Many of the methods are described in their most basic form but operations can be added to or deleted from any of the methods and information can be added or subtracted from any of the described messages without departing from the basic scope of the present invention. Any number of variations of the inventive concept is anticipated within the scope and spirit of the present invention. In this regard, the particular illustrated example embodiments are not provided to limit the invention but merely to illustrate it.
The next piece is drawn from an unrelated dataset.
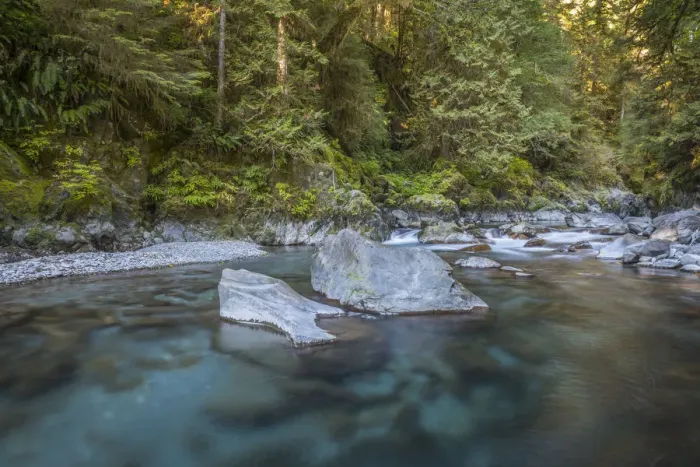 Framed Print : USA, Washington State, Olympic National Park. Quinault River landscape. Credit as Framed Print : USA, Washington State, Olympic National Park. Quinault River landscape. Credit as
Thus, the scope of the present invention is not to be determined by the specific examples provided above but only by the plain language of the following claims.

Claims
  • 1. An integrated circuit chip package substrate comprising: a plurality of micro-vias;a plurality of dielectric layers; andan array capacitor with metallization substantially covering an exterior surface coupled with the micro-vias and embedded in the dielectric layers.
  • 2. The integrated circuit chip package substrate of claim 1, wherein the array capacitor comprises a substantially square shape with substantially metalized top and bottom exterior surfaces.
  • 3. The integrated circuit chip package substrate of claim 2, wherein the array capacitor is about 1 square centimeter in size.
  • 4. The integrated circuit chip package substrate of claim 2, wherein the array capacitor comprises about 500 layers.
  • 5. The integrated circuit chip package substrate of claim 2, wherein the substantially metalized exterior surfaces comprise electrically isolated power and ground regions.
  • 6. The integrated circuit chip package substrate of claim 5, wherein the electrically isolated power and ground regions are separated by an epoxy.
  • 7. The integrated circuit chip package substrate of claim 1, further comprising a second array capacitor.
  • 8. An apparatus comprising: an integrated circuit die; anda substrate, including an embedded array capacitor with a substantially metalized exterior surface.
  • 9. The apparatus of claim 8, wherein the array capacitor comprises a substantially square array capacitor with metallization of a top and a bottom exterior surfaces.
  • 10. The apparatus of claim 9, wherein the metalized surfaces comprise a thickness of about 75 micrometers.
  • 11. The apparatus of claim 9, wherein the metalized surfaces comprise electrically isolated power and ground regions.
  • 12. An electronic appliance comprising: a network controller;a system memory; anda processor, wherein the processor includes a substrate, including a substantially square embedded array capacitor including substantially metalized top and bottom exterior surfaces.
  • 13. The electronic appliance of claim 12, wherein the metalized surfaces comprise a thickness of about 75 micrometers.
  • 14. The electronic appliance of claim 12, wherein the array capacitor is about 1 square centimeter in size.
  • 15. The electronic appliance of claim 12, wherein the substantially metalized surfaces comprise electrically isolated regions for power and ground.
  • 16. A method comprising: exposing a plurality of micro-vias in a substrate; andplacing an array capacitor with substantially metalized top and bottom exterior surfaces in contact with the micro-vias.
  • 17. The method of claim 16, wherein exposing a plurality of micro-vias in a substrate comprises removing a substantially square region of dielectric material from the substrate.
  • 18. The method of claim 17, further comprising forming a plurality of micro-vias and dielectric layers on top of the array capacitor.
  • 19. The method of claim 18, further comprising attaching an integrated circuit die to the micro-vias.
  • 20. The method of claim 18, wherein removing a substantially square region comprises drilling or etching an area of about 1 square centimeter.